A tough little morsel that stuck in my craw: a conversation with a friend of mine who is not lazy, who is a passionate student, consuming and digesting vast quantities of information. In this conversation, he expressed disappointment over the Church's decision to include the unitive aspect of marriage alongside the procreative when considering the end -- the purpose -- of the sacrament. As far as he could tell, while friendship in marriage was desirable, it was not desirable for its own sake, but for the sake of creating a beneficial environment for the raising of children.

I was not able to make a counterargument on the spot, though my sensibilities were offended. Still, I disagreed with him and said there was an argument to be made to the contrary. He poked fun at my response, lightly accusing me of working with smoke and mirrors, hinting at some grand argument to be unveiled later. I burned, certain that my reaction to his claim was not mere sentiment, frustrated at my inability to find a reason to back up my certainty. I thought of my response later.

One might wonder why I was so eager to make an argument at all. The culture of self that we swim in scorns the notion that procreation is even one end of marriage. The temptation is to regard children as a burden, so that you end up sounding like the woman who sighed to a friend of mine, "After I had my child, it was seven years before I had a life." As if the tending to children wasn't "a life," wasn't personally fulfilling enough. As if career, or society, or education were more important than raising good kids. And here was my friend, taking a firm stand against said culture, championing the family over selfish desires. Why fight it?

I fight it because I think my relationship with my wife is the best chance I will ever have to love my neighbor as myself. My success or failure as a lover will show most clearly with her. Our friendship is not just for the sake of the children, but for the sake of mutual perfection.

I do not like the gradual devolution of the priest's closing message: "Let us go forth to love and serve the Lord," to "Let us go forth to love and serve the Lord and our neighbors," to "Let us go forth to love and serve the Lord through our neighbors." Loving God is first, and distinct from loving His creatures.
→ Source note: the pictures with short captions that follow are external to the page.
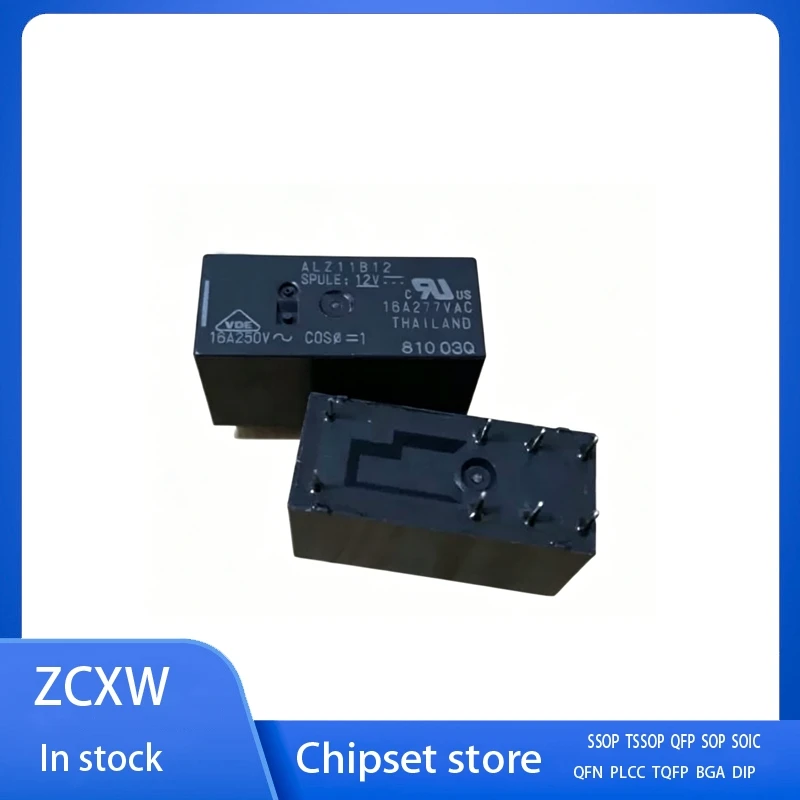 5Pcs/Lot  New    ALZ11B12 12VDC PIN-8 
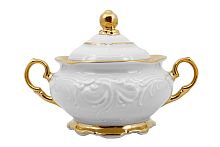Сахарница с крышкой Глянец Слоновая кость Roman Cebis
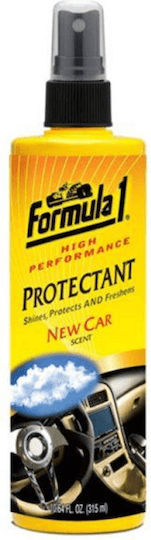 Formula1 Fragranced Protectants Καθαριστικό / Γυαλιστικό και Προστατευτικό Σπρέι για Ταμπλό Αυτοκινήτου με Άρωμα Καρύδα 315ml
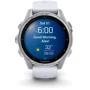 Смарт-годинник Garmin Fenix 8 AMOLED 43mm Silver with Whitestone Silicone Band (010-02903-00): Дисплей 1.3" AMOLED (416x416) / Corning Gorilla Glass
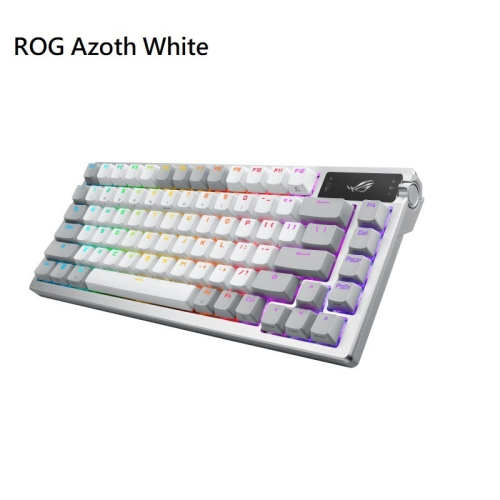 米特3C數位–ASUS 華碩 ROG Azoth White 青軸/紅軸/茶軸/雪軸/風暴軸 白色無線電競機械鍵盤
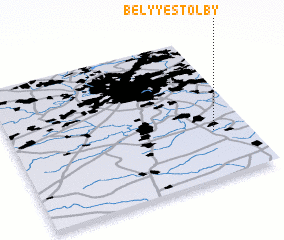 3d view of Belyye Stolby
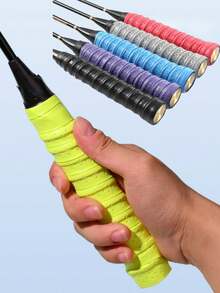 1/6Pcs Anti-Slip Racquet Overgrip - Tacky Sports Grip Tape For Tennis Rackets, Badminton Squash Handle Wrap, Non-Slip Fishing Rod Grip Enhancer Accessories - Multicolor - View 1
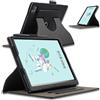 MINGFENG Fro, custodia girevole a 360 gradi per Onyx Boox Tab Ultra C Pro, custodia con cinturino da polso per eBook da 10,3 pollici, funzione magnetica per Boox Tab 10C Pro (nero+pellicola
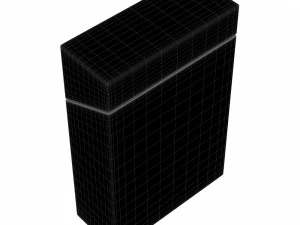 cigarette box closed 3D Model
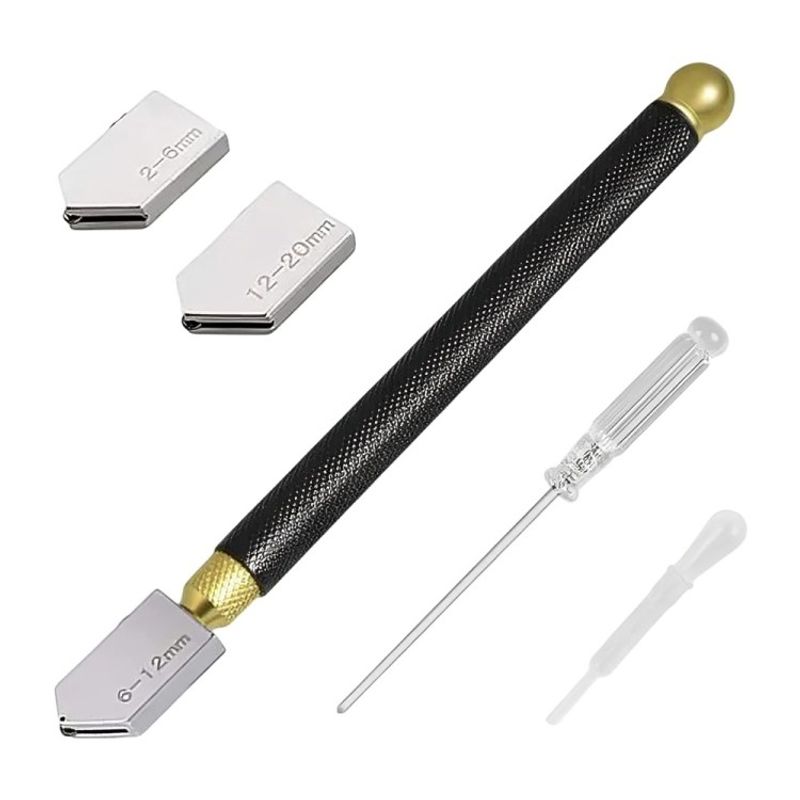 GENERICO - Diamante Corta Vidrio 7 Pulgadas 175mm Con Pipeta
Still, most of what I've learned about love has come through my experience with other people, especially my wife.

She is my best occasion for self-sacrifice, the bloodless martyrdom of daily life. With my children, their helplessness inspires a kind of effortless sacrifice. Even when my son is at his worst, I do not wish he would discipline himself. I do wish that my wife would do some of the things she asks of me herself; I like to sit and read and be left alone. Overcoming that wish to the point of doing things cheerfully, or even without being asked, is a small but constant opportunity for charity.

She is my best lesson in the pain of sin. The relative innocence of children may make them ideal candidates as earthly stand-ins for God. But she loves me as no other, and I her. When I sin against her, and see the pain in her face, the ingratitude of it hits home -- to wound one who loves me so well. Also the incongruity: I love her so much in my better moments, the good she does is the source of so much of my happiness; how can I hurt her so? (My kids make me happy, but there is less perfection of will on their part -- they do not so explicitly mean to do so.)

There is perhaps an element of imperfection to charity shown to my wife, since I may hope for some return. (She is, after all, my greatest earthly joy.) Better, maybe, to have daily encounters with a truly difficult person -- to weather them with Christ's love would be more impressive. But in some way, also easier -- no one can infuriate me, frustrate me, upset me like my wife, because I am so tied up with her. I have an intimacy with her that I have with no one else, and so the wounds she inflicts on me cut deeper and require more effort to forgive. (Likewise, the wounds I inflict.)

There are many different sorts of marriages, and I do not stand in judgement over them. But I think that in my own marriage, the unitive end rightfully stands beside the procreative, distinct and worthy in its own right.